Thursday, September 12, 2013

The Streak: Loveable Losers Countdown, 15-11

Remember how I used to think countdowns are kind of trivial?  Well, turns I was wrong.  They're kind of fun to do (though I still think the difference between 16 and 11 is pretty subjective), and turns out the blogosphere likes 'em too.  I think my pageviews yesterday doubled what they had been for the rest of the month combined.  If you write it, they will come?

Anyway, we're back into the second installment of the countdown.  This was actually pretty fun to put together.  Pittsburgh has always been an interesting sports town - sure, there are lots of fair weather fans, but there the city also has a strong streak of rooting for the blue collar, hard nosed guy who just...isn't all that great.  Think of Rudy without the annoying Notre Dame connections.

15) Pokey Reese - 2002-03

Reese was one of those "latest, greatest" free agent signings.  The Bucs were coming off an incredibly underwhelming 2001 season, and Reese himself had been pretty disappointing in '01 just a year after the Reds had refused including him as the centerpiece of the Ken Griffey trade.  Speed, decent pop, and amazing defense.  Good bounceback candidate, right?

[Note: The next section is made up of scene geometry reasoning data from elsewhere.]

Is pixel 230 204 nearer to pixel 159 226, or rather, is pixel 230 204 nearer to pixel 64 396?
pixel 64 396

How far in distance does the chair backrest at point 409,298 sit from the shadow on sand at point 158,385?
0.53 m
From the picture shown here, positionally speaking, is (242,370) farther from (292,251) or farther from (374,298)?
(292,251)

Well...kind of.  His average continued to slip, and with it went the pop and steals.  Pokey played some fantastic defense, and was a blast to watch.  But we all know Gold Gloves aren't reeeally about defense. 

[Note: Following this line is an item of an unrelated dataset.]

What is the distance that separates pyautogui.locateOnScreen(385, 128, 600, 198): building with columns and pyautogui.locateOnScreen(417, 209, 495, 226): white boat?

He managed to win a ring with the Sox in '04, but like so many other Bucco free agent signings, he was out of baseball after that.

14) Ricardo Rincon - 1997-98

Rincon didn't even play in the states until his age 27 season, jumping to the Bucs from Mexico.  But he undoubtedly proved to be the gift that keep on giving.

Before the '99 season the Bucs traded Rincon to an insanely deep Cleveland team for Brian Giles.  Giles put up some of the best single seasons in franchise history before being dealt for Jason Bay and Oliver Perez.

Perez kicked a laundry cart, was banished from the face of the planet, only to work his way back into the graces of the universe where he was allowed to become a lefty specialist.  Jason Bay his balls really far (though never into a river nor a bay), until being traded for a bunch of players who didn't pan out and current late innings reliever Bryan Morris.

So for those of you keeping score at home: Ricardo Rincon = Brian Giles, Jason Bay, Oliver Perez, and Bryan Morris.

We can only hope eventually Morris will be dealt for another wave of prospects, keeping the Legend of Ricardo alive.

Along the way he also delivered the greatest moment of the late 90's for the Pirates, teaming up with fellow Mexican League import Francisco Cordova for a no hitter

13) Jose Bautista - 2004-08

Admittedly it is a bit strange to see a former MVP on the list of lovable losers.  But Bautista spent pretty his entire Pirates career in the dog house.  GM Dave Littlefield decided to leave Bautista unprotected during the 2004 Rule 5 draft, setting in motion a comedy of errors that would see him suit up for 4 teams and rack up just 88 ab's during the 2004 season.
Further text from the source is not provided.